CONVENTO DE SAN FRANCISCO

TEGUISE
- Arquitectura Religiosa. Conventos -




We have left the church of the Franciscan convent of Teguise, a temple that was dedicated to Our Lady of Miraflores. The institution was founded by Gonzalo Argote de Molina, wanting to carry out a testamentary cla of 1534 of Sancho de Herrera, Se or de Lanzarote. Sancho's will was to build a convent in Famara, a place that was sparsely inhabited in the 16th century, a coastal point and, therefore, dangerous, due to the state of defenselessness in the face of the many fireworks that came to the island from the North. Africa, mainly.

In 1588 Gonzalo Argote ordered the construction of the religious complex, thus making it the first convent established on the island of Lanzarote and passing his church, acting as a parish priest to be a military objective and the last of multiple looting and fires.


GUIDE OF THE VILLA DETEGUISE. Historical Heritage Service of the Cabildo de Lanzarote. 2003

Address: A. Sebastian n Hern ndez Gutierrez y Mar to Antonia Perera Betancort

Drafting: Francisca Mar to Perera Betancort, Guacimara Batista Rivero, Mar to Antonia Perera Betancort and A.Sebasti n Hern ndez Guti rrez.

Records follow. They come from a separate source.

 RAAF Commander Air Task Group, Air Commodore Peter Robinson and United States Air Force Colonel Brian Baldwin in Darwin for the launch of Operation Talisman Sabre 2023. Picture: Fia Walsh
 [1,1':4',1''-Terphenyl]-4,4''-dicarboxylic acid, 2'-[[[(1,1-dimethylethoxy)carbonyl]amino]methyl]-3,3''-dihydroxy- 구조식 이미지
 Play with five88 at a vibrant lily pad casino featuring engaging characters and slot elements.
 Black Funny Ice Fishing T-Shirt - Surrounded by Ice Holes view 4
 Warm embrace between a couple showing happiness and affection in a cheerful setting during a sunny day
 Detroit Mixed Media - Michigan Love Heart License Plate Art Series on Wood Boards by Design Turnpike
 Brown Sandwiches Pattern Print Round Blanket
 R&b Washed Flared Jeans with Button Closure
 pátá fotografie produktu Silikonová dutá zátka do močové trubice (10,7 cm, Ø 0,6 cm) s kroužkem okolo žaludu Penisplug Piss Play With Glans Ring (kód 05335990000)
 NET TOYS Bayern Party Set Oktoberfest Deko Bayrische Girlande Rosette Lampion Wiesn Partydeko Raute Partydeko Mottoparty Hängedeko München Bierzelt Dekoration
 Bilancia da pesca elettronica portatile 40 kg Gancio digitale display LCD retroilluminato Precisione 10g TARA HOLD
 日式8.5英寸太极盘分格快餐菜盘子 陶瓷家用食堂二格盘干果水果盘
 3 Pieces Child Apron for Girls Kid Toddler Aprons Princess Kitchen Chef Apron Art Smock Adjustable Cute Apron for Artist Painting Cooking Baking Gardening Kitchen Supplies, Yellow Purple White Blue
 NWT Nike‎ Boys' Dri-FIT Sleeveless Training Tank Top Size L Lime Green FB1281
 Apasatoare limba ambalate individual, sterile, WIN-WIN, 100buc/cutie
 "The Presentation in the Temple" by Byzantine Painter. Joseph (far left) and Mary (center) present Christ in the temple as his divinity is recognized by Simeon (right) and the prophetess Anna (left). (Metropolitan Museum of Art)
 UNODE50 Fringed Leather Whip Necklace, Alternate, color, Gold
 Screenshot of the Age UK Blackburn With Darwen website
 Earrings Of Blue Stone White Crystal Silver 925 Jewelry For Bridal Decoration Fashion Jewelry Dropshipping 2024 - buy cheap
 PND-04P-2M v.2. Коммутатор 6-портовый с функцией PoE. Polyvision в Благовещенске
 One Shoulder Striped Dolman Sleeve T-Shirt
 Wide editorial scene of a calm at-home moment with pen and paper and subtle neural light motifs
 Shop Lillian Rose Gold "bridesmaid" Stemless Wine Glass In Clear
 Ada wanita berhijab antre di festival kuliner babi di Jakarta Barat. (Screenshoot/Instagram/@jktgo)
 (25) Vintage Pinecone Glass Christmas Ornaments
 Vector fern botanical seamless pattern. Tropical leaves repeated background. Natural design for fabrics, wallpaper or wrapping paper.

Photograph: Jos Farray, V deo Humer, Photographic Fund of the Historical Archive of Teguise and Historical Heritage Service of the Cabildo de Lanzarote.



Convento de San Francisco

The sacral set was composed of two bodies. The church and the monacal dependencies. So on the left of the enclosure was the conventual area where the friars reside. Space that after the confiscation of the first half of the nineteenth century passed into private hands, leaving some remnants of the primitive cloister.

Currently its remains, the church, together with the former Dominican convent church, retain the most important set of mud roofs in Lanzarote. The place has now been converted into the Museum of Sacred Art, retaining important original elements such as the baroque altarpieces dedicated to Our Lady of Miraflores, San Antonio de Padua and Our Lady of the Immaculate Conception, the latter one of the three of canter to which they are conserved in Lanzarote. The museum offers an important sample of the historical and artistic heritage representative of the Modern Age of Lanzarote.

The main façade composed of a large door in the central position and upper area, intended for skylight. Door with bishop of canter and, on this, a spiral on each side and a niche in the center. The arch of the door is half a point.

In the smaller nave the same composition is repeated, with the same semicircular arch but without bishop, with upper window. The doors are made of frames and double sheets.